> [AIM OF THE TASK] Will you write out, word for word, every line from the one with "Fogão 5 Bocas" to the final line of the data below, with the pictures left out?

[Captioned web image data]
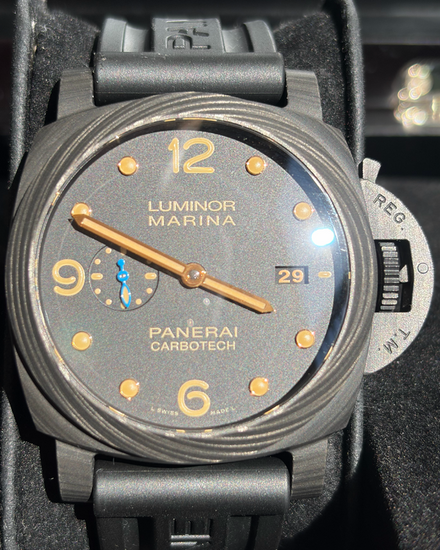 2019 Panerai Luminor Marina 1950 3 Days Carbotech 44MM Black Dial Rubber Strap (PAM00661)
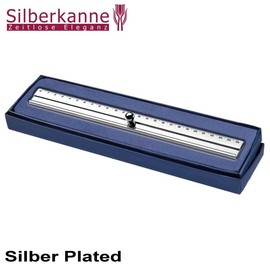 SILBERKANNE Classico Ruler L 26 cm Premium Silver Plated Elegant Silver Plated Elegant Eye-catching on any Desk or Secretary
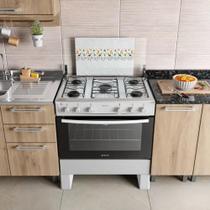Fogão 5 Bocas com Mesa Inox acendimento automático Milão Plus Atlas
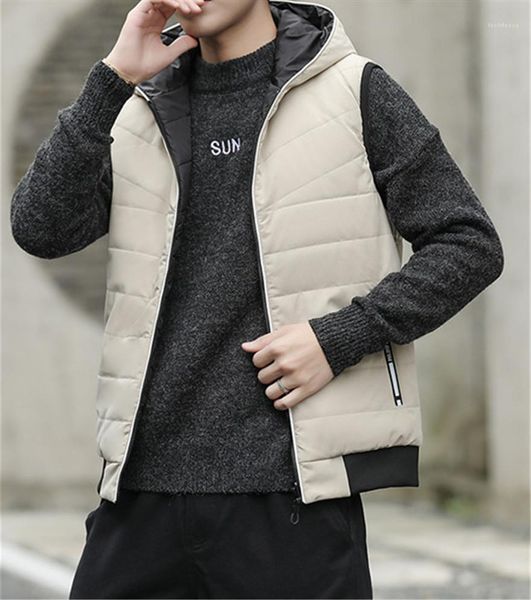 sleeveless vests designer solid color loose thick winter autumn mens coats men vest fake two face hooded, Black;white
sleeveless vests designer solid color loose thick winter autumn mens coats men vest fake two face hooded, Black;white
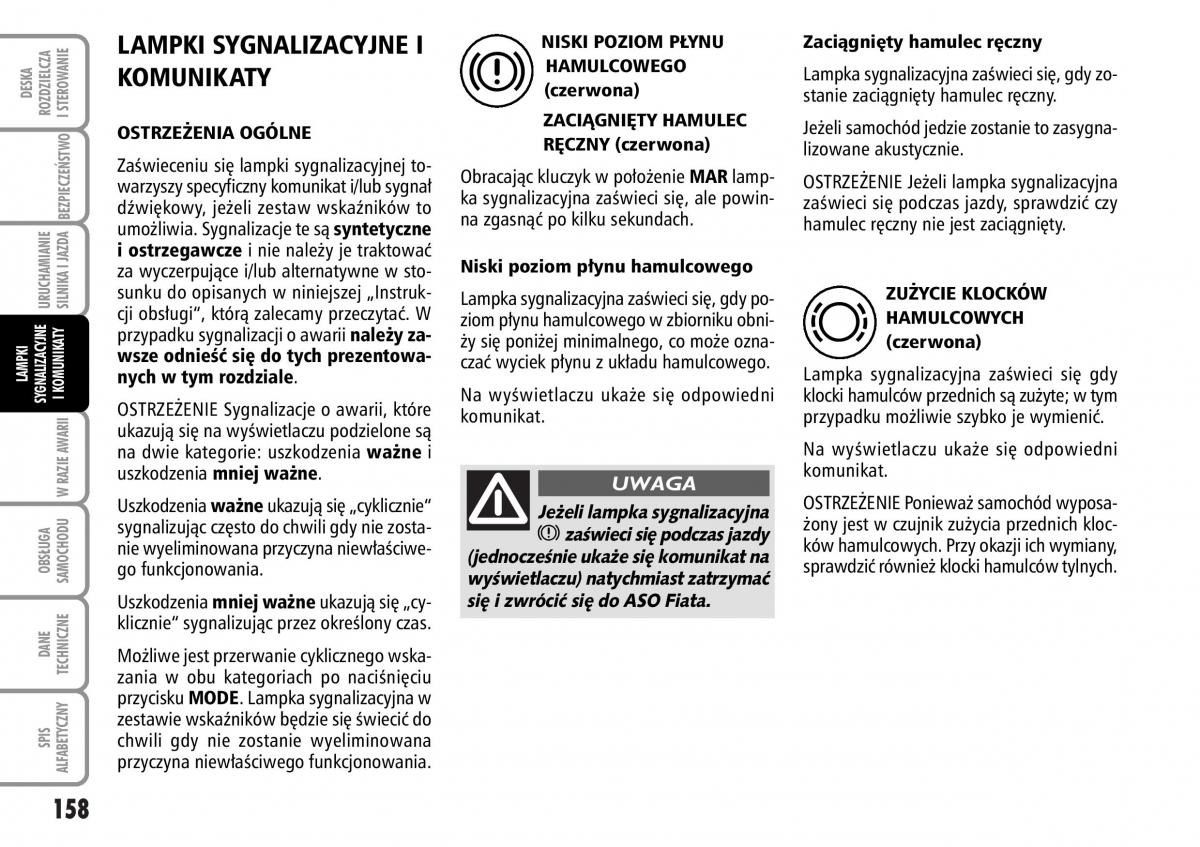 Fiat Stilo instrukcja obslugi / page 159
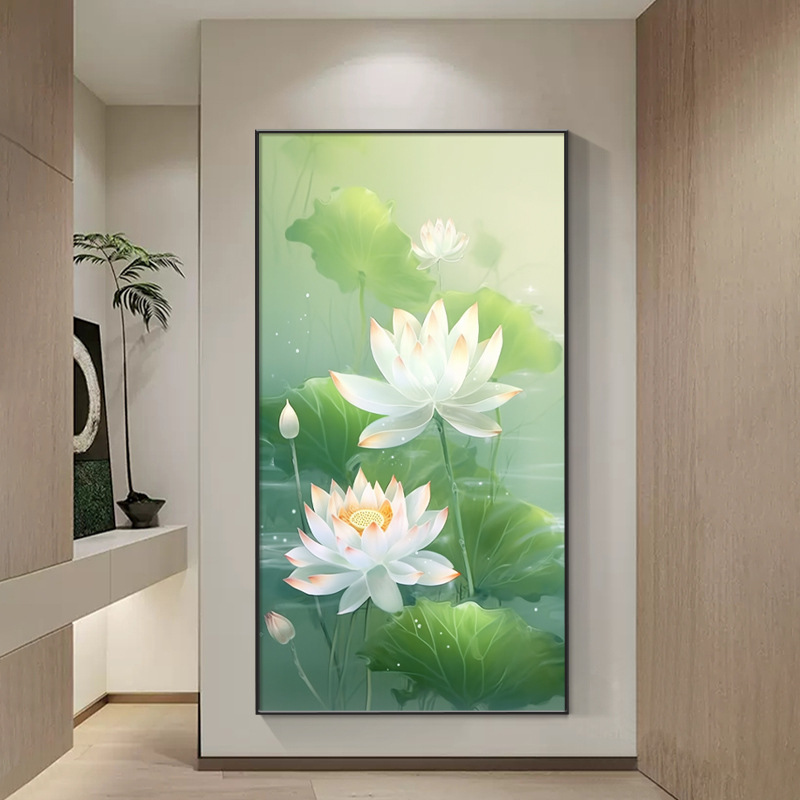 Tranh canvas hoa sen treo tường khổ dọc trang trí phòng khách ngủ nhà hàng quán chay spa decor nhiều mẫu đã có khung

> [RESULT FOR THIS TASK]
Fogão 5 Bocas com Mesa Inox acendimento automático Milão Plus Atlas
 sleeveless vests designer solid color loose thick winter autumn mens coats men vest fake two face hooded, Black;white
sleeveless vests designer solid color loose thick winter autumn mens coats men vest fake two face hooded, Black;white
 Fiat Stilo instrukcja obslugi / page 159
 Tranh canvas hoa sen treo tường khổ dọc trang trí phòng khách ngủ nhà hàng quán chay spa decor nhiều mẫu đã có khung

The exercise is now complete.